:: Your goal ::
Below are the records; locate each line with the word "Casa" and copy it.

:: Dataset ::
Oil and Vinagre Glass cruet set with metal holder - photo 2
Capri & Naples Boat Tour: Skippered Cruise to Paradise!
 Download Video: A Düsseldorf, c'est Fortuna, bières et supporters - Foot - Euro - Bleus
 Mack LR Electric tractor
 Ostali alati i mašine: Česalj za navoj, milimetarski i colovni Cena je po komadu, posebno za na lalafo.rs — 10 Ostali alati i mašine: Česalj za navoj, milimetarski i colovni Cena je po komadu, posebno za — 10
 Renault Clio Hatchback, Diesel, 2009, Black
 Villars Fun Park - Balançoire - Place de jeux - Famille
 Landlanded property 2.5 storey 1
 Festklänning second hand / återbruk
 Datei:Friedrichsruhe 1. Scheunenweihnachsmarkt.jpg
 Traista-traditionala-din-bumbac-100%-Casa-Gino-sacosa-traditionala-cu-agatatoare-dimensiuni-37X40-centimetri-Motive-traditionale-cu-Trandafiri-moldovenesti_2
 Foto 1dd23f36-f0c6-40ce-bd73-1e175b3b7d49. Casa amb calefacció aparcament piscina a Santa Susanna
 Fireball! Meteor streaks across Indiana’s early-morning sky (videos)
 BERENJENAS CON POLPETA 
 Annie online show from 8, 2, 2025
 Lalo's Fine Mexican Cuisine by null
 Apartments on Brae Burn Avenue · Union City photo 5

:: Task solution ::
 Traista-traditionala-din-bumbac-100%-Casa-Gino-sacosa-traditionala-cu-agatatoare-dimensiuni-37X40-centimetri-Motive-traditionale-cu-Trandafiri-moldovenesti_2
 Foto 1dd23f36-f0c6-40ce-bd73-1e175b3b7d49. Casa amb calefacció aparcament piscina a Santa Susanna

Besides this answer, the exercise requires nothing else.